§ Exercise prompt: In the entries that follow, find the line containing "Red Hibiscus Floral"; from there, copy every line exactly through the line containing "Photo 4 — 206".

§ Available data:

--------

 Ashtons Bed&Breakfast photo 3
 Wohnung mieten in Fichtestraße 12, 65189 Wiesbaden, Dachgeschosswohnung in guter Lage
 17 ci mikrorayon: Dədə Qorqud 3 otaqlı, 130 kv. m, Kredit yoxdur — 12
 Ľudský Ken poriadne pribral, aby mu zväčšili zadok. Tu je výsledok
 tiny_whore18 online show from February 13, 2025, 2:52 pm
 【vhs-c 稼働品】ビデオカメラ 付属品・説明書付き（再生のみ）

--------

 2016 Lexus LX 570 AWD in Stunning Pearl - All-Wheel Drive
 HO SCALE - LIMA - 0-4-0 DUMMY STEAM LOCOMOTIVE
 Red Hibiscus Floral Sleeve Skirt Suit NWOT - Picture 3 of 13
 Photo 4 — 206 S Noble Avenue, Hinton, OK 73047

--------

§ Output for this exercise:
 Red Hibiscus Floral Sleeve Skirt Suit NWOT - Picture 3 of 13
 Photo 4 — 206 S Noble Avenue, Hinton, OK 73047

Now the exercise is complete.